Records from a dataset
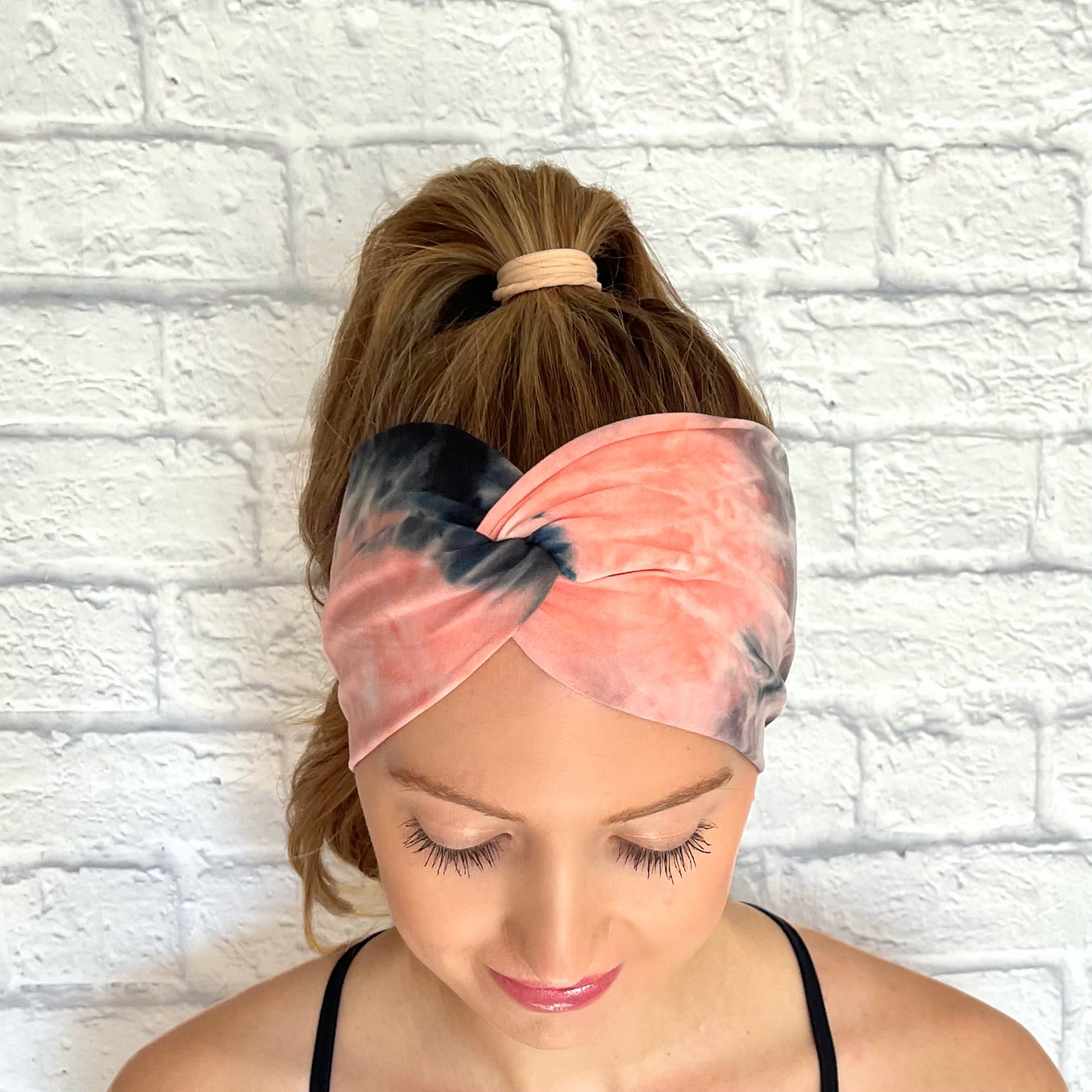 Woman with hair in curled ponytail wearing wide, twisted, pink, white, and gray/black tie dye headband.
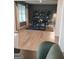 A view of the dining room from the entryway that includes hardwood flooring and decorative shelving at 613 Elsa Lane # 77, Mcdonough, GA 30252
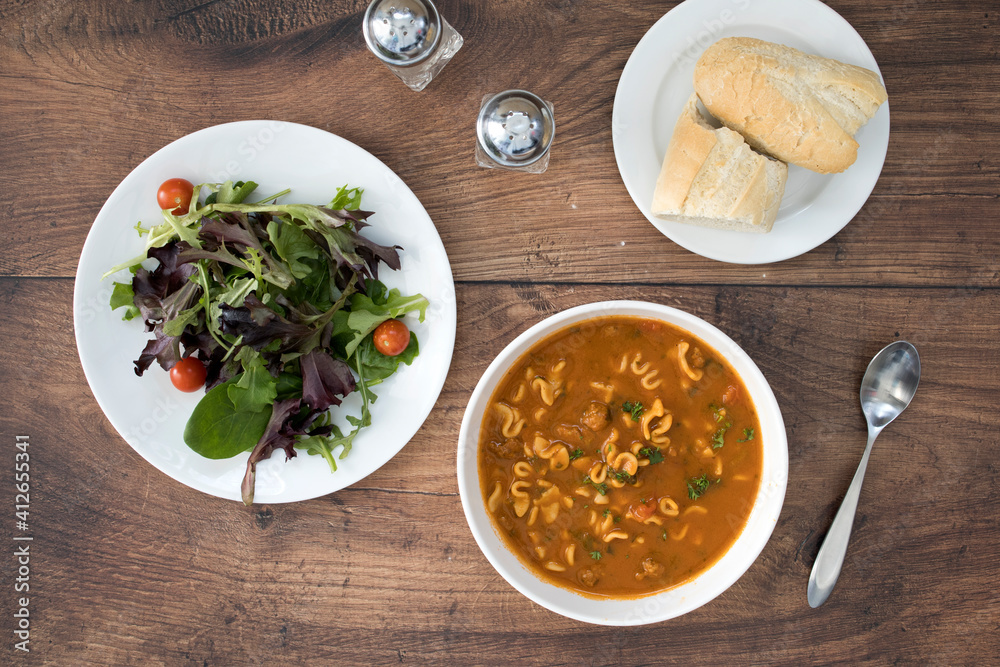 Soup and Salad with room for copy on a Wooden Table Soup and Salad with room for copy on a Wooden Table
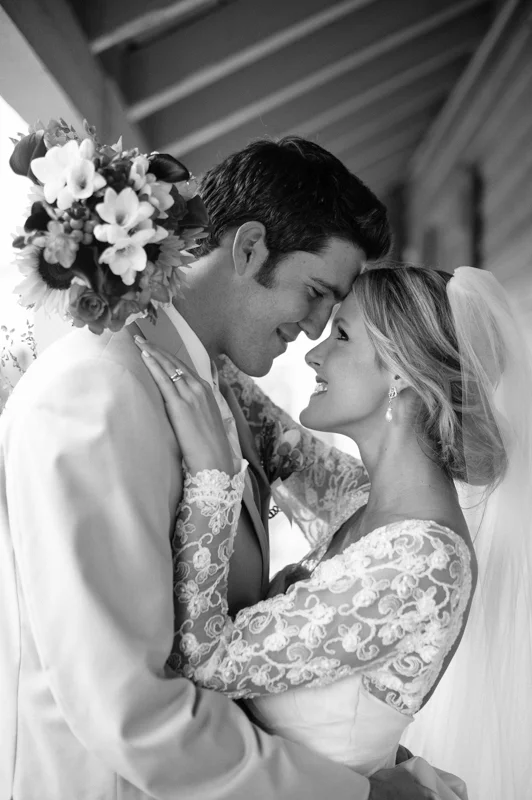 bride and groom embrace right after their ceremony at the Villa Blanca at the White Room in St. Augustine, Florida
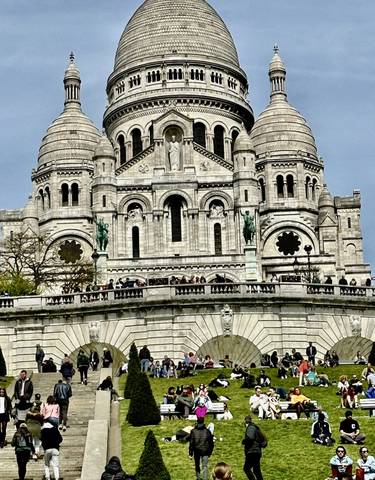 Close-up view of the Basilica of the Sacré-Cœur with people on the steps.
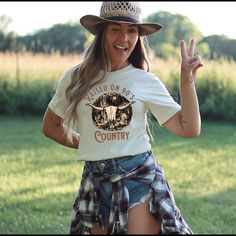 Were you raised on 90's country? Show your country spirit in this soft and comfortable T-shirt with a great fit. This is a perfect concert Tee. Great to wear to your next country concert with a pair of jeans. Please refer to sizing chart to find your perfect fit If unsure, measure if necessary. If you prefer a fitted or more looser fit, please order accordingly. These t-shirts are printed as they are ordered, therefore we cannot accept returns or exchanges. However, please feel free to contact u Casual T-shirt For Western-themed Fall Events, Summer Graphic Tee For Western-themed Events, Retro T-shirt For Western-themed Summer Events, Retro T-shirt For Summer Country Concerts, Retro Summer T-shirt For Western-themed Events, Graphic Tee For Western-themed Spring Events, Crew Neck T-shirt For Western-themed Spring Events, Spring Graphic Tee For Western-themed Events, Fall T-shirt With Graphic Print For Rodeo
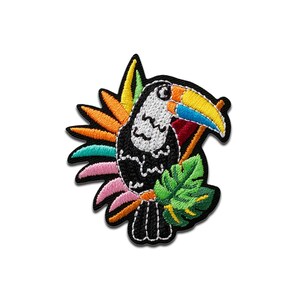 Pode incluir: Patch bordado de um tucano preto com cabeça branca, um bico grande e colorido e uma vibrante variedade de folhas e flores tropicais. O patch tem uma borda preta e é projetado para aplicação em roupas ou acessórios.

What you will do:
An exact copy of all the entries is required, and it must contain no pictures.

Final answer:
 Woman with hair in curled ponytail wearing wide, twisted, pink, white, and gray/black tie dye headband.
 A view of the dining room from the entryway that includes hardwood flooring and decorative shelving at 613 Elsa Lane # 77, Mcdonough, GA 30252
 Soup and Salad with room for copy on a Wooden Table Soup and Salad with room for copy on a Wooden Table
 bride and groom embrace right after their ceremony at the Villa Blanca at the White Room in St. Augustine, Florida
 Close-up view of the Basilica of the Sacré-Cœur with people on the steps.
 Were you raised on 90's country? Show your country spirit in this soft and comfortable T-shirt with a great fit. This is a perfect concert Tee. Great to wear to your next country concert with a pair of jeans. Please refer to sizing chart to find your perfect fit If unsure, measure if necessary. If you prefer a fitted or more looser fit, please order accordingly. These t-shirts are printed as they are ordered, therefore we cannot accept returns or exchanges. However, please feel free to contact u Casual T-shirt For Western-themed Fall Events, Summer Graphic Tee For Western-themed Events, Retro T-shirt For Western-themed Summer Events, Retro T-shirt For Summer Country Concerts, Retro Summer T-shirt For Western-themed Events, Graphic Tee For Western-themed Spring Events, Crew Neck T-shirt For Western-themed Spring Events, Spring Graphic Tee For Western-themed Events, Fall T-shirt With Graphic Print For Rodeo
 Pode incluir: Patch bordado de um tucano preto com cabeça branca, um bico grande e colorido e uma vibrante variedade de folhas e flores tropicais. O patch tem uma borda preta e é projetado para aplicação em roupas ou acessórios.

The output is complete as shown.